Le Gouvernement sénégalais place la nutrition au cœur de ses priorités pour le développement humain. Lors du Conseil des ministres de ce mercredi 29 avril 2026, le Premier ministre Ousmane Sonko a ordonné une révision majeure du cadre stratégique national. Cette décision vise à harmoniser les efforts de lutte contre la malnutrition avec la vision à long terme du pays, tout en répondant à des enjeux économiques et sanitaires pressants.
Vers une actualisation du Plan stratégique multisectoriel 2024-2028
Le chef du Gouvernement a instruit le Secrétaire général du Gouvernement de procéder à l'actualisation de la Politique nationale de développement de la nutrition. Cette réforme doit impérativement aligner le Plan stratégique multisectoriel de la nutrition (PSMN 2024-2028) sur les axes structurants du Masterplan 2025–2034. Cette synergie entre l'Éducation, la Santé et l'Agriculture est jugée indispensable pour garantir une approche cohérente et efficace de la sécurité nutritionnelle.
Digitalisation et éducation : les nouveaux leviers d'action
Pour moderniser la gouvernance du secteur, le Premier ministre a fixé l'échéance de fin 2026 pour la mise en place d'une plateforme digitale intégrée de gestion de données multisectorielles. Ce nouvel outil, développé en collaboration avec le ministère des Finances, permettra un suivi précis et en temps réel des interventions.

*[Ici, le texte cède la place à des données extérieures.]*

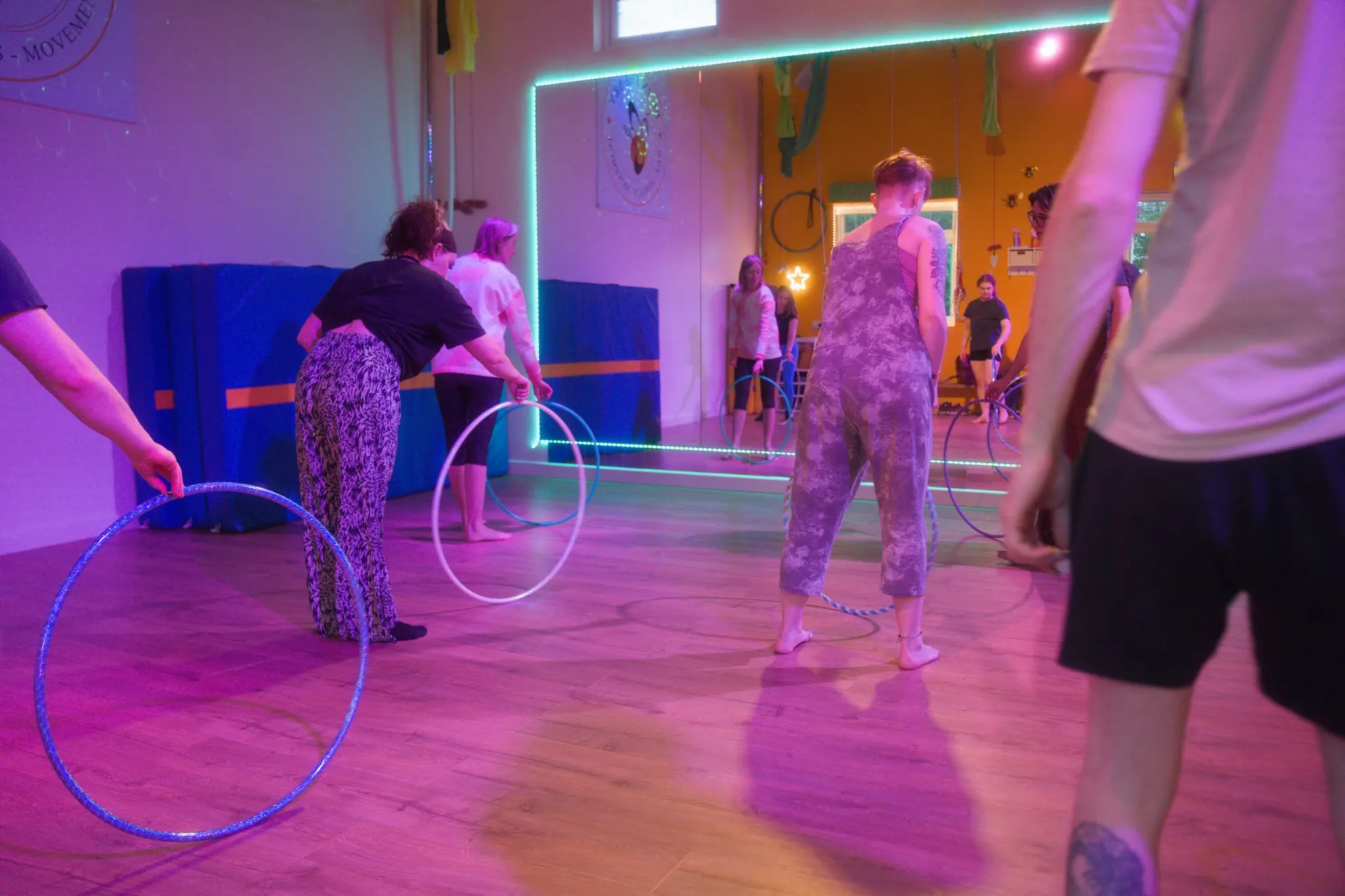 Flowsha workshop group passing and spinning hoops together under LED lights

Parallèlement, une stratégie de sensibilisation sera déployée, incluant une meilleure intégration de la nutrition dans les curricula d'enseignement, la formation et la recherche appliquée.
Un coût économique de 856 millions de dollars par an
L'urgence de ces réformes est soulignée par l'impact financier de la sous-nutrition, évalué à 856 millions de dollars annuels, soit 3,2 % du Revenu National Brut. Malgré une augmentation significative du financement étatique, multiplié par cinq, des défis majeurs persistent :
Retard de croissance : touche 17 % des enfants de 0 à 5 ans.

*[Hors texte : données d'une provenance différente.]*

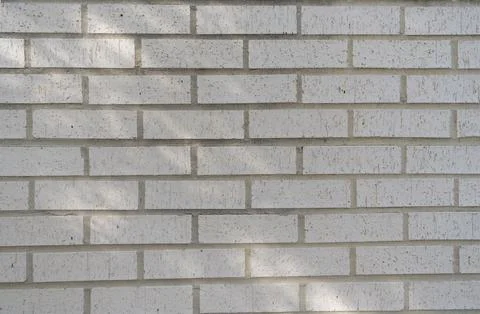 Surface of white brickwall. Textured grey brick backdrop. Wall texture Stock Photos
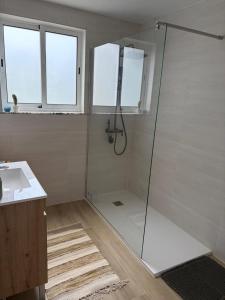 a bathroom with a glass shower with a sink at Casa Brumar Beach and Downtown on Foot in Praia da Vitória +15 photos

Kwashiorkor : une prévalence de 10 % signalée.
Obésité abdominale : concerne désormais 22 % de la population, particulièrement les femmes.
Pour assurer une transparence totale, le Gouvernement opérationnalise un outil de marquage budgétaire afin de tracer chaque franc investi dans la nutrition à travers tous les secteurs ministériels.